▸ EXERCISE DIRECTIONS:
Would you return the listing exactly as written, apart from its pictures?

▸ THE DATA:
Content starts
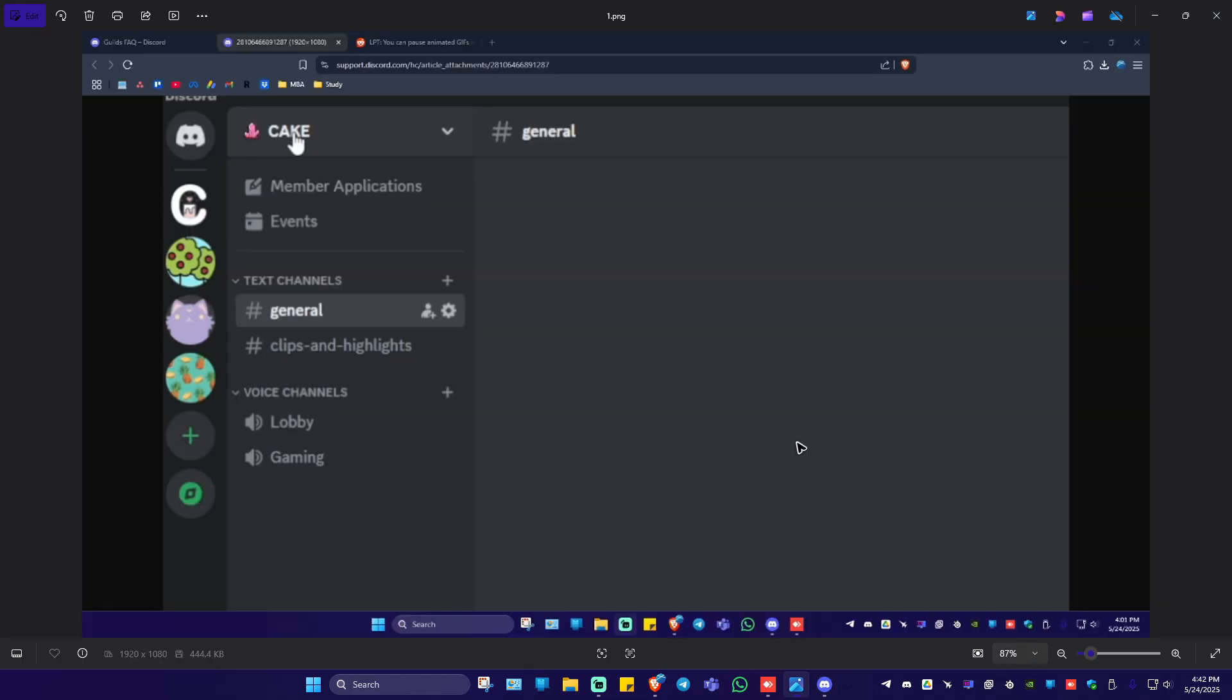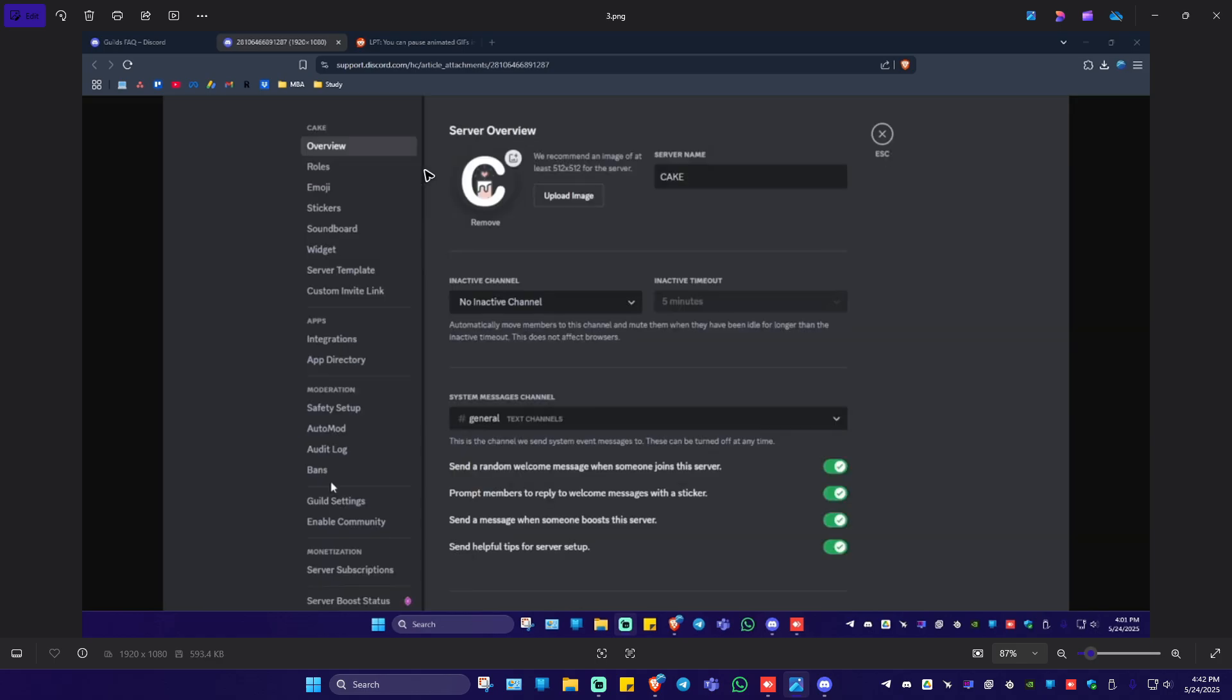Now if you want to change the settings of your guild just go ahead and click on the drop down right here. Besides your Discord server just click on it and click on server settings.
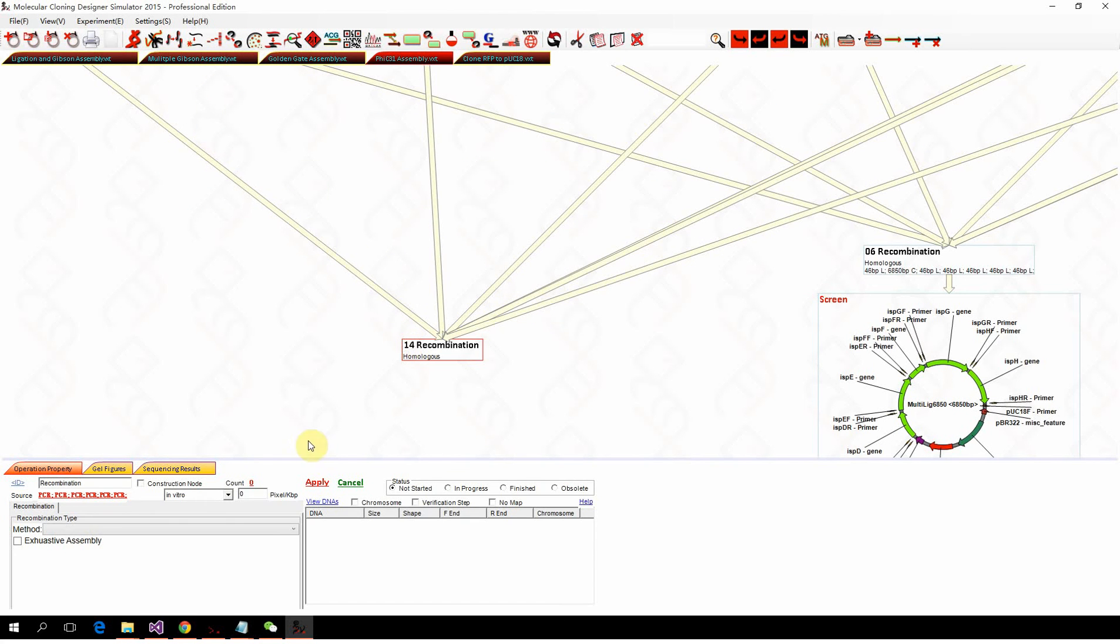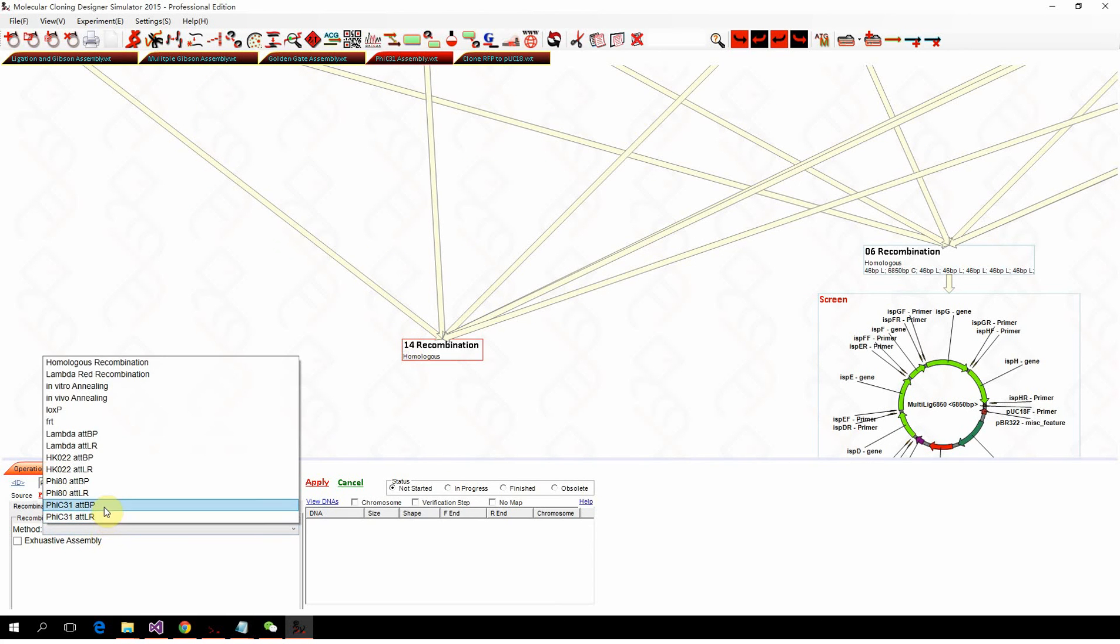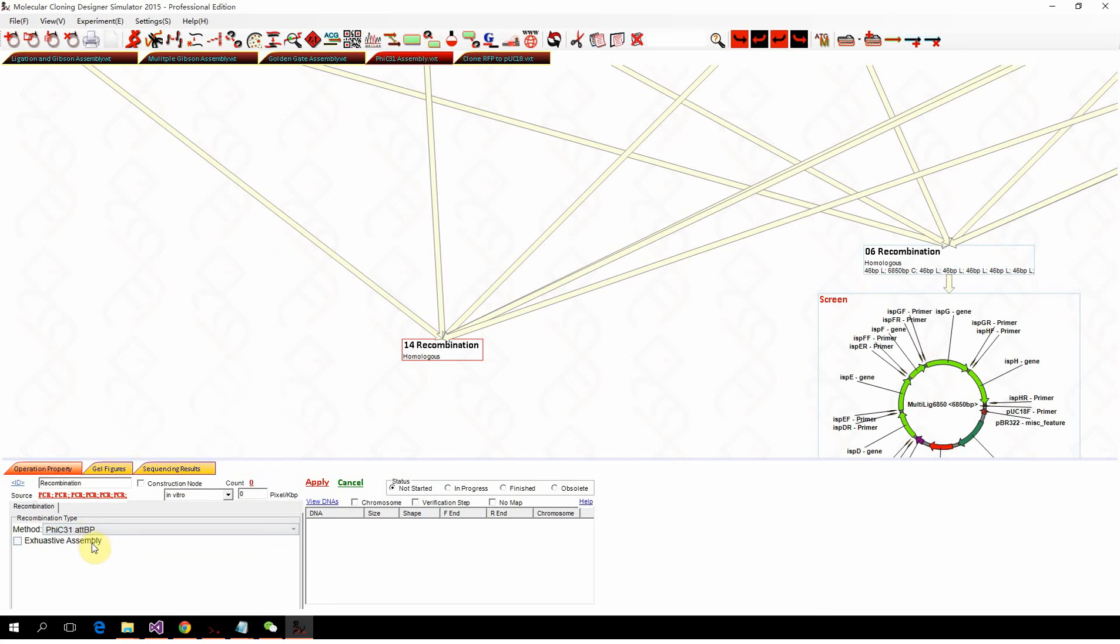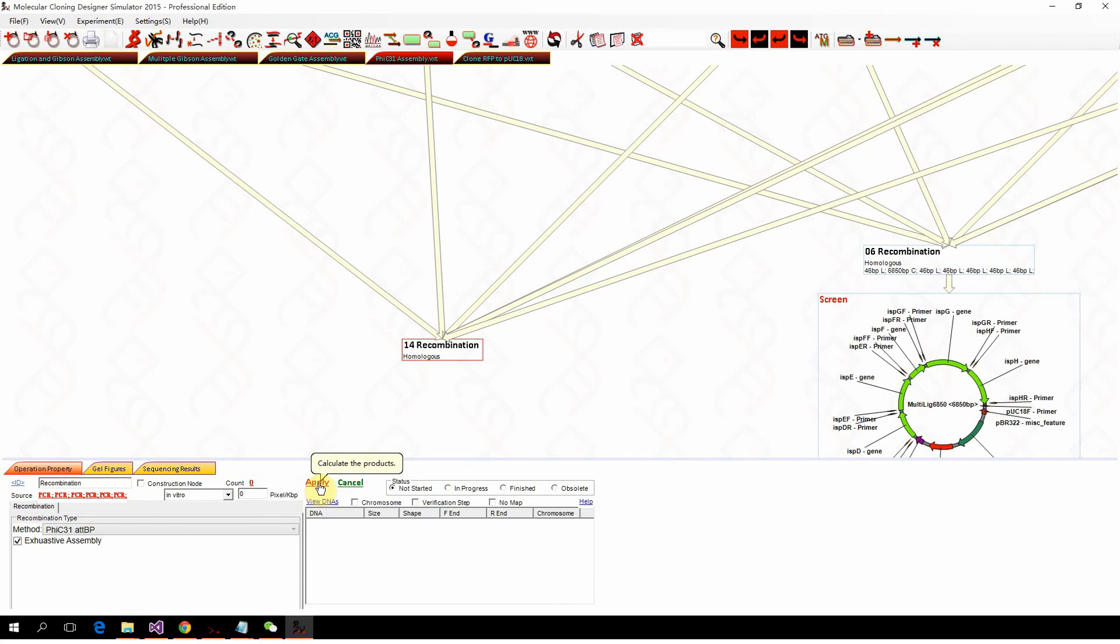We select all of them and do the recombination. Here we select the PhiC31 BP recombination, and also we need the exhaustive mode to assemble multiple fragments. Then we click apply.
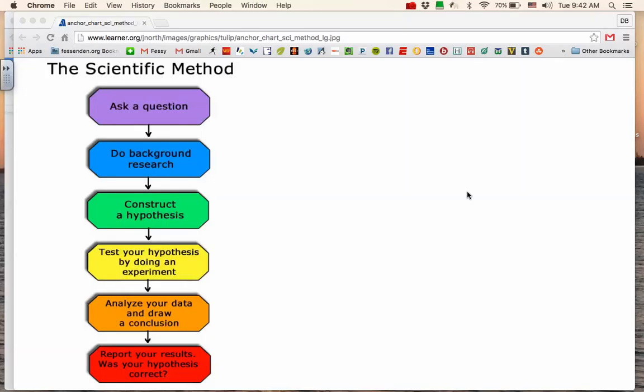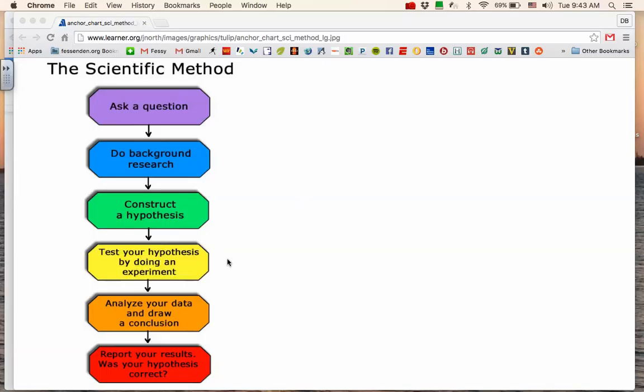Some important vocabulary for you to keep in mind: when you're asking your question, it must be what we refer to as a testable question, a question that we can actually collect some data for, do the experiment, collect data, analyze the data down here later on, and come up with an answer to your question.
Content ends
▸ EXERCISE RESULT:
Now if you want to change the settings of your guild just go ahead and click on the drop down right here. Besides your Discord server just click on it and click on server settings.
We select all of them and do the recombination. Here we select the PhiC31 BP recombination, and also we need the exhaustive mode to assemble multiple fragments. Then we click apply.
Some important vocabulary for you to keep in mind: when you're asking your question, it must be what we refer to as a testable question, a question that we can actually collect some data for, do the experiment, collect data, analyze the data down here later on, and come up with an answer to your question.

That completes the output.